During Paul’s ministry, he worked as a tentmaker so that the churches he ministered to would not be burdened by him financially. He uses this as an example of how believers should forfeit their rights for the spiritual benefit of others. But first Paul wants to be clear that he really does have the right to demand financial support for his ministry. He uses several arguments to demonstrate this.

First, Paul points out that other apostles and teachers received such support (1 Corinthians 9:6, 12a). In fact, Paul himself received support from the Philippian church on several occasions (see Philippians 4:15–18). Second, Paul uses several illustrations to demonstrate the principle that the laborer deserves to receive wages (1 Corinthians 9:7). Third, he appeals to the Law, which says, “You shall not muzzle an ox when it treads out grain.” How much more, Paul argues, should a minister receive sustenance while working for the spiritual harvest of the gospel? (vv. 8–10). Finally, Paul reminds us that Jesus Himself commanded that “those who proclaim the gospel should get their living by the gospel” (v. 14; cf. Luke 10:7).

Surrendering Rights for the Gospel’s Sake

If Paul had these rights, why did he choose to surrender them? He gladly received support from the Philippians, so why not from the Corinthians? The answer lies in the principle of chapters 8 and 10. This principle is that more mature believers must make certain sacrifices so as not to become a stumbling block for those weaker in faith.

The issue at hand for the Corinthians was whether or not to eat food that had been sacrificed to idols. Even though there was nothing inherently wrong with doing so since “an idol has no real existence” (1 Corinthians 8:4), Paul recognized that some believers who had previously been involved in idol worship would not be able to separate the eating of the meat from idolatry (v. 7). “Therefore,” he concludes, “if food makes my brother stumble, I will never eat meat, lest I make my brother stumble” (v. 13).

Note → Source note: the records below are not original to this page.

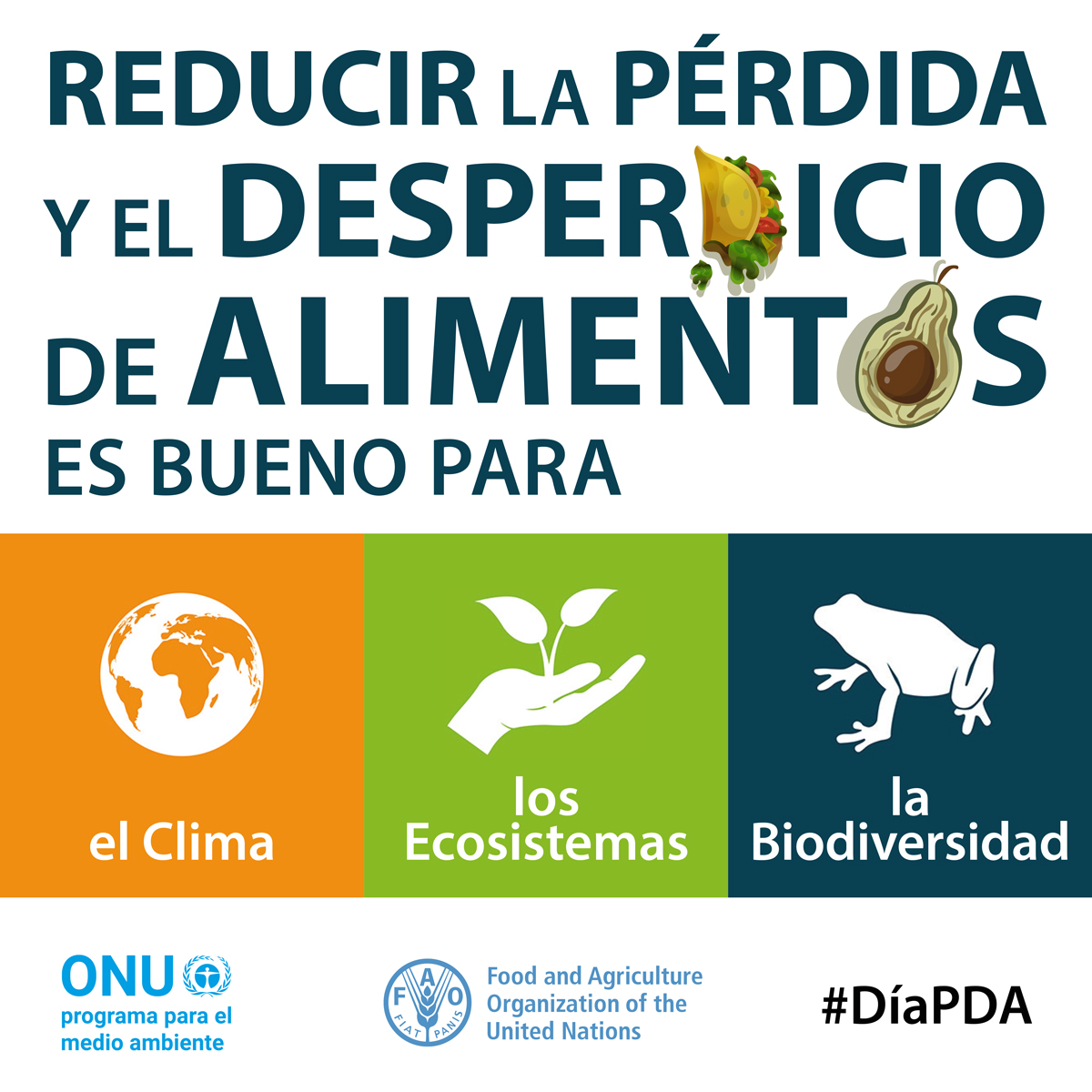 unep_espanol's tweet photo. Reducir la pérdida y el desperdicio de alimentos significa: 
✅ Menos uso de tierras agrícolas
✅ Menos gasto de agua
✅ Menos fertilizantes
✅ Menos emisiones

Celebra este 16 de octubre el #DíaMundialDeLaAlimentación tomando acciones para sacar máximo provecho a tus comidas. https://t.co/Iy6Irqc7fr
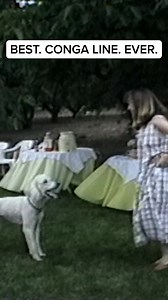 89K views · 294 reactions | Now THAT's a party animal!  #afv #dogs #funny | AFV Classics | Facebook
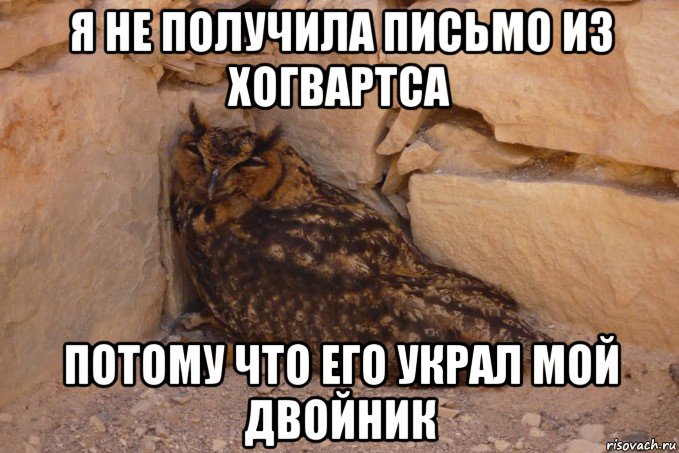 я не получила письмо из хогвартса потому что его украл мой двойник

In the same way, Paul recognizes that the Corinthians in their present spiritual state would not provide for his ministry for the right reasons (see 2 Corinthians 9:7). Perhaps he feared they would misinterpret the gospel as a commercial operation. Whatever the reason, Paul did not want to risk hindering the gospel. Therefore, he removed any possible stumbling block by providing for his own ministry.

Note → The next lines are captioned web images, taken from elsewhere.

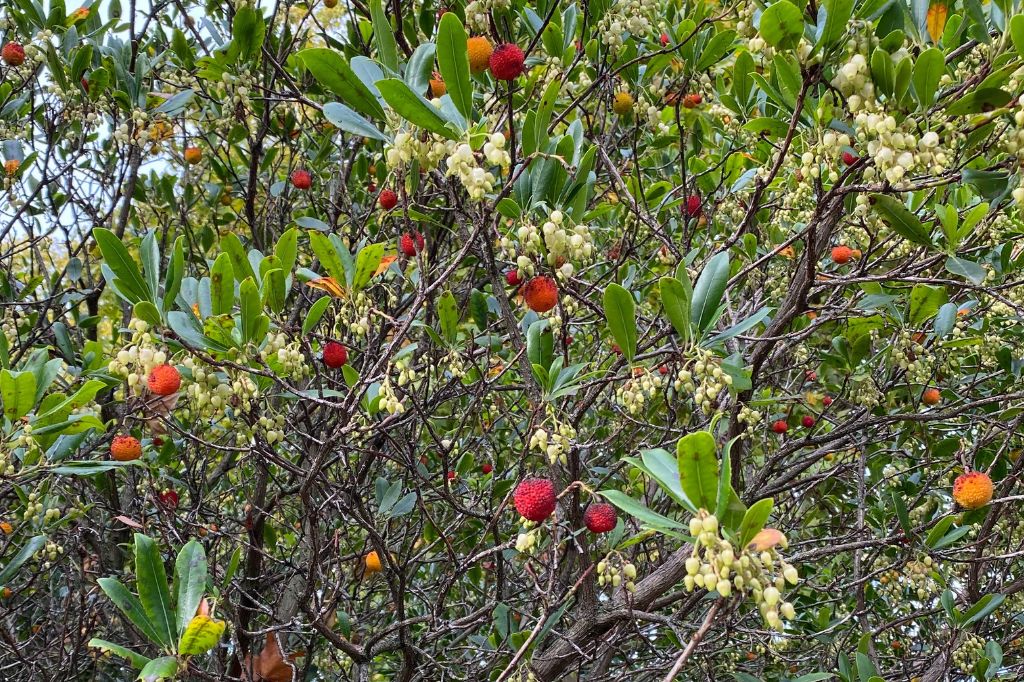 Are Strawberry Trees Poisonous To Dogs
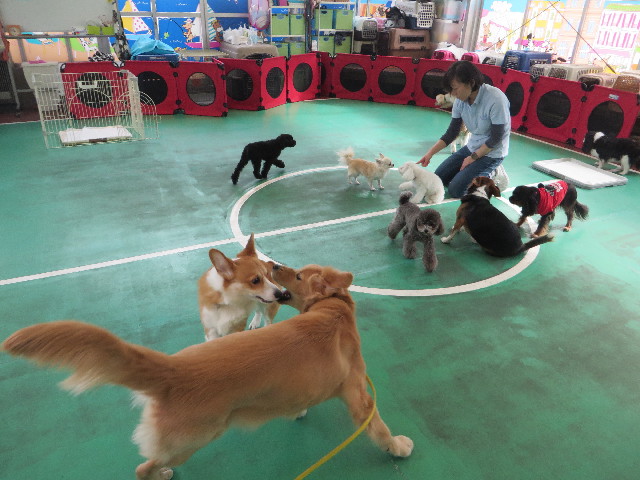 ファイル 6810-2.jpg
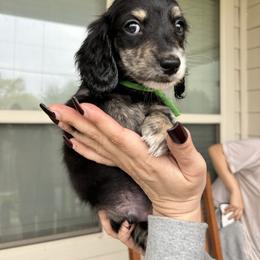 Black and cream piebald with brindle points - Piebald male Dachshund puppy in Hutto, Texas from R.G. Dachshunds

Common Ground Without Compromise

Paul then uses the surrendering of his rights as an opportunity to explain his overarching principle of ministry. “For though I am free from all men, I have made myself a slave to all, so that I may win more. … To the weak I became weak, that I might win the weak; I have become all things to all men, so that I may by all means save some” (1 Corinthians 9:19–22).

Paul entered each person’s world as far as possible in order to transfer them to the world of the gospel. He acted winsomely by adapting himself to every situation without compromising the gospel.

In the same way, we ought to go out of our way when we interact with non-Christians to remove any possible barrier to the gospel. This will not guarantee success since the gospel itself is a stumbling block to many (1 Corinthians 1:23). Nevertheless, in this world we want to be known more for what we are for than what we are againstmore for what we love than what we hate—even if this means not proving ourselves right every time. This takes wisdom for every situation that only God can provide.

Take a moment and ask the Holy Spirit to direct you today how to enter someone else’s world in a way that leads to an opportunity for the gospel.